- [GIVEN RECORDS]:
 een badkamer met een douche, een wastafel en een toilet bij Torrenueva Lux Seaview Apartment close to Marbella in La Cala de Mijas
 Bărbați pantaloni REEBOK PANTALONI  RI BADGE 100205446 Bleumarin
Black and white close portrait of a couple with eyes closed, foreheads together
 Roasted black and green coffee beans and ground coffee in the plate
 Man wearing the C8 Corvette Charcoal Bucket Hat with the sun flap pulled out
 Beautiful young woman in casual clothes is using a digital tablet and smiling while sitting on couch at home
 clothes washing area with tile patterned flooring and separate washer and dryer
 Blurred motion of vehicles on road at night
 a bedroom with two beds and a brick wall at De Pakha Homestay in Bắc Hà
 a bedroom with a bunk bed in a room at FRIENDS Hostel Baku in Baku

--

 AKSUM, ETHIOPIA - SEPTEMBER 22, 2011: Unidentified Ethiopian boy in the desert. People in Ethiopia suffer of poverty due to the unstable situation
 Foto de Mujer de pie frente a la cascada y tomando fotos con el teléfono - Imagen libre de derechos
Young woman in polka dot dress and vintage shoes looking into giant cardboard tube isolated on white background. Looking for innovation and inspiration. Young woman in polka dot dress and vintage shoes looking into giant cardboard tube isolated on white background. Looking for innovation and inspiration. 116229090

* * *

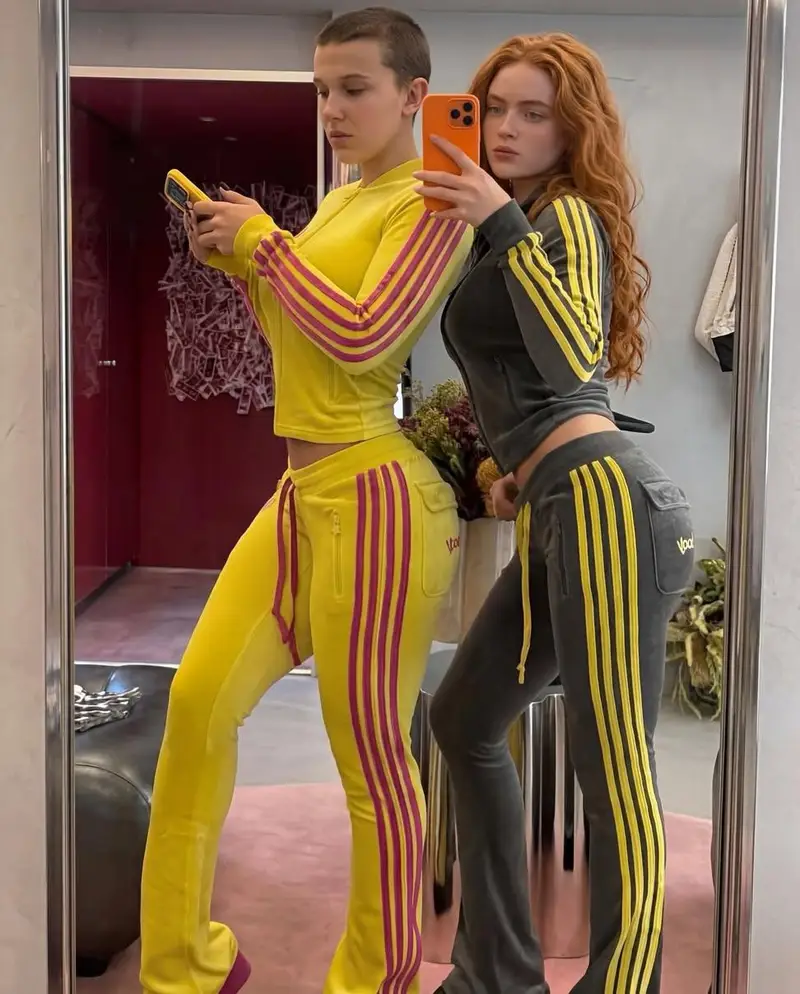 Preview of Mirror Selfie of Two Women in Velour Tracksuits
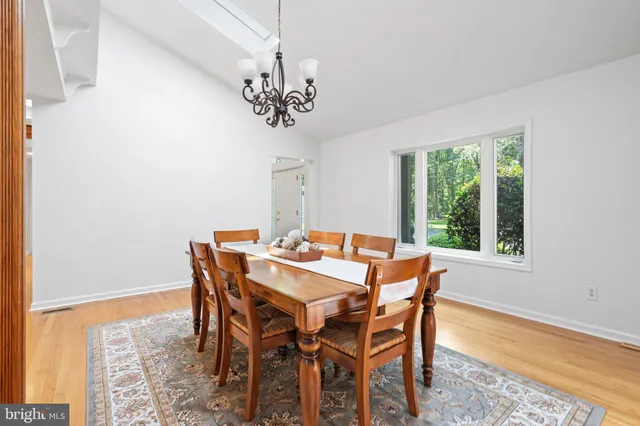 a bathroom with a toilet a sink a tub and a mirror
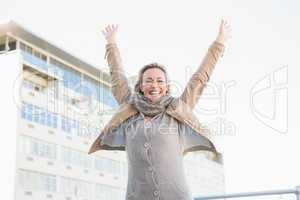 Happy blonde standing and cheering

- [TRY IT]: Look above for the line with "Beautiful young woman" and the line with "Blurred motion of vehicles on road at night", and reproduce exactly those two lines plus every line between, nothing more.

- [RESPONSE BELOW]:
 Beautiful young woman in casual clothes is using a digital tablet and smiling while sitting on couch at home
 clothes washing area with tile patterned flooring and separate washer and dryer
 Blurred motion of vehicles on road at night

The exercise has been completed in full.